__Supplied material__
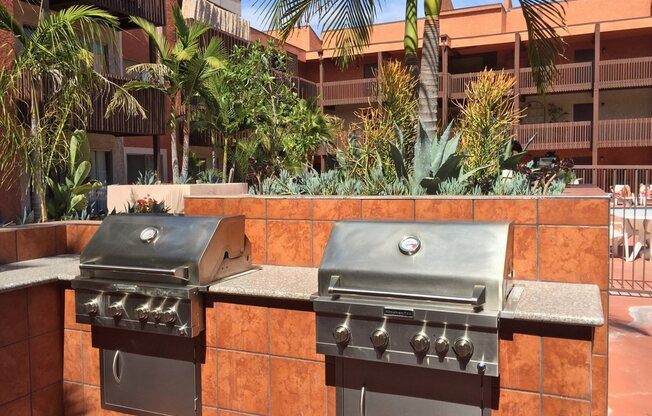 Studio, 1 bath, 550 sqft, $2,045, Unit 252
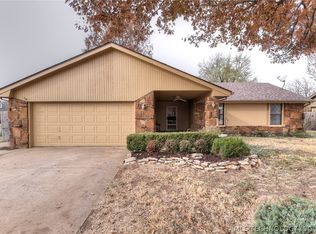 607 Peppermint Dr, Sand Springs, OK 74063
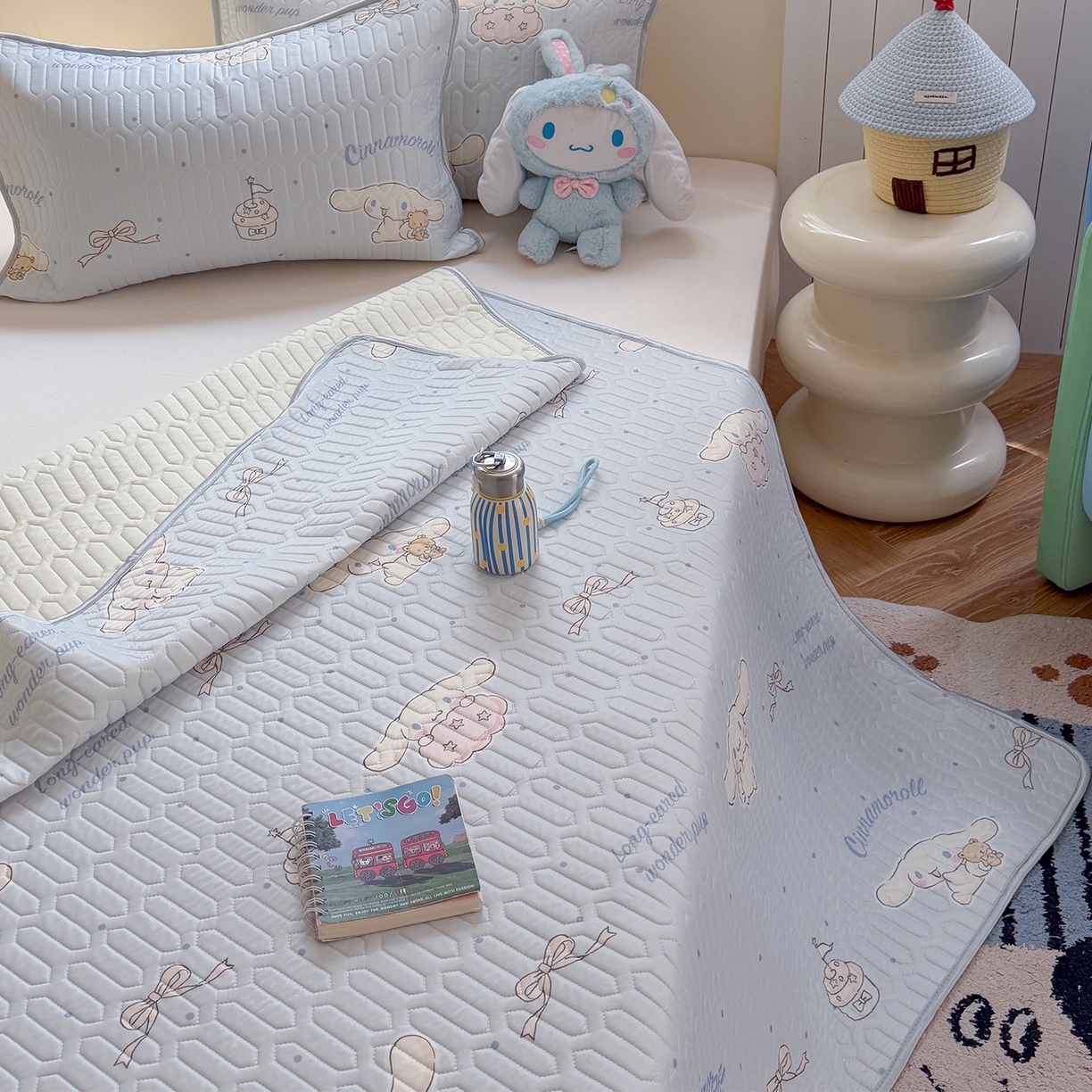 91家纺网 家纺一手货源 找家纺 桃子家居 2026新款A类正版授权三丽鸥高品质凉感丝乳胶席空调软席系列三件套 三丽鸥乳胶席-奶油蓝点大耳狗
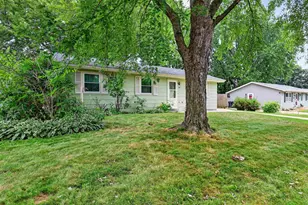 2111 S Osborne Ave, Janesville, WI 53546 - Photo 2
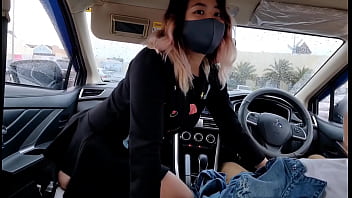공영주차장에서 위험한 섹스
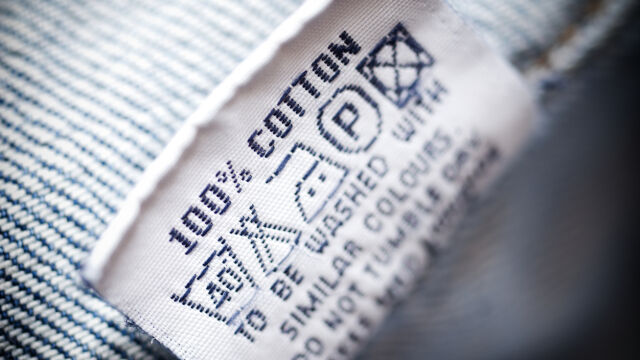 Снимка: Познавате ли етикетите на дрехите? Вижте значението на всички символи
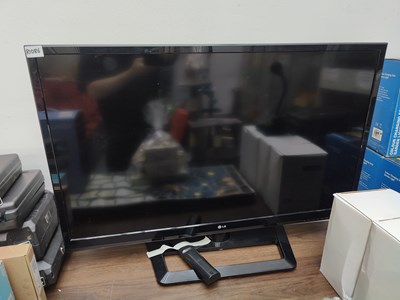 Lot 42 - LG 42" Smart TV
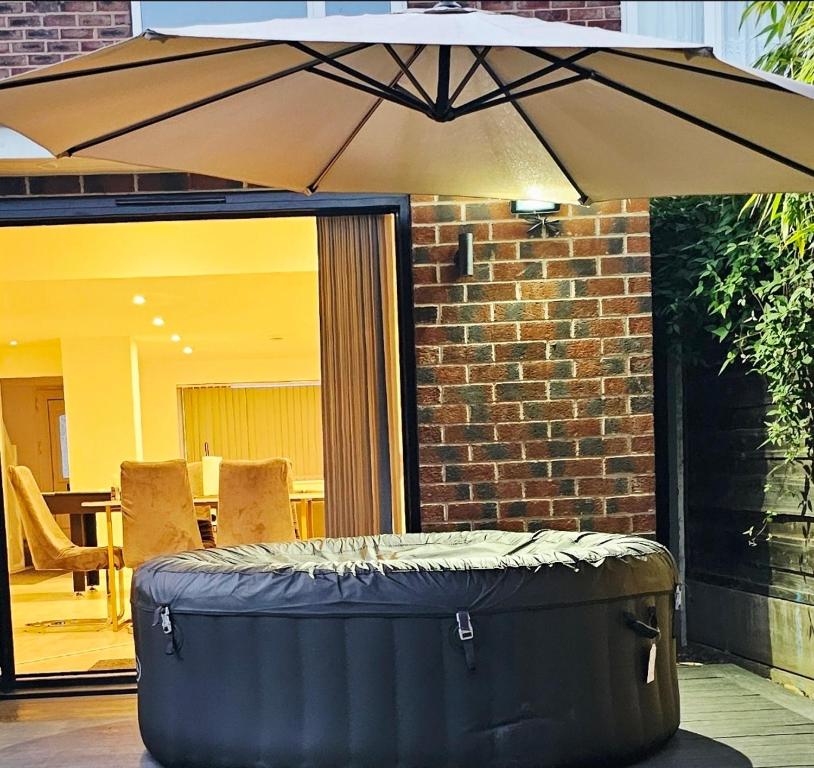 Χώρος καθιστικού στο Manchester 2BR Luxe Lounge, Hot Tub, Pool Table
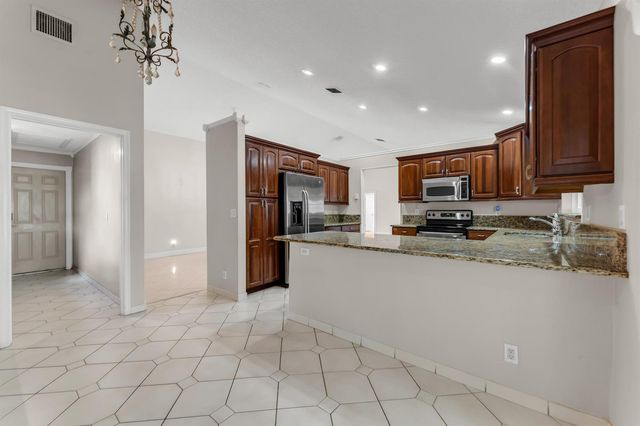 6083 SUNBERRY Circle, Boynton Beach, FL 33437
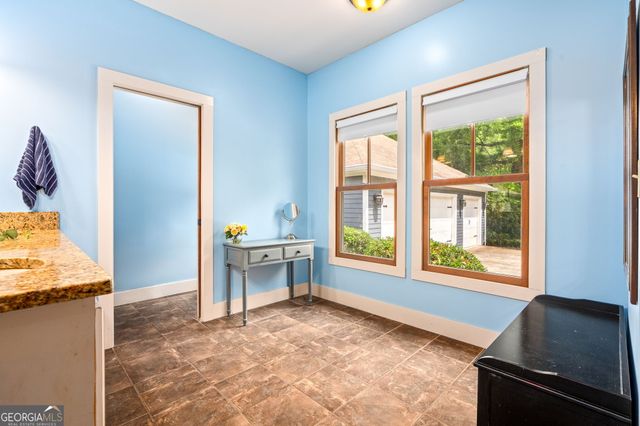 425 Oak Grove Road, Athens, GA 30607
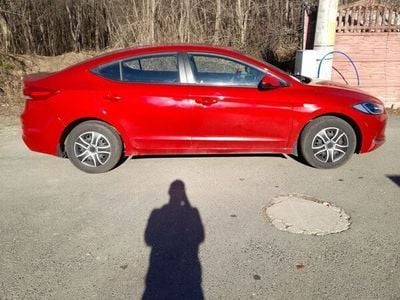 Second-hand Hyundai Elantra Comfort 128 CP (94 kW) 2017 Rosu Hatchback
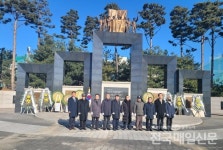 [시민기자가 간다] 고양시 호국보훈·안보단체연합회 현충공원 참배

__Exercise brief__
Give back exactly the lines from the one with "6083 SUNBERRY Circle, Boynton" through the end of the records above, inclusive, and omit any pictures.

__Response to this exercise__
 6083 SUNBERRY Circle, Boynton Beach, FL 33437
 425 Oak Grove Road, Athens, GA 30607
 Second-hand Hyundai Elantra Comfort 128 CP (94 kW) 2017 Rosu Hatchback
 [시민기자가 간다] 고양시 호국보훈·안보단체연합회 현충공원 참배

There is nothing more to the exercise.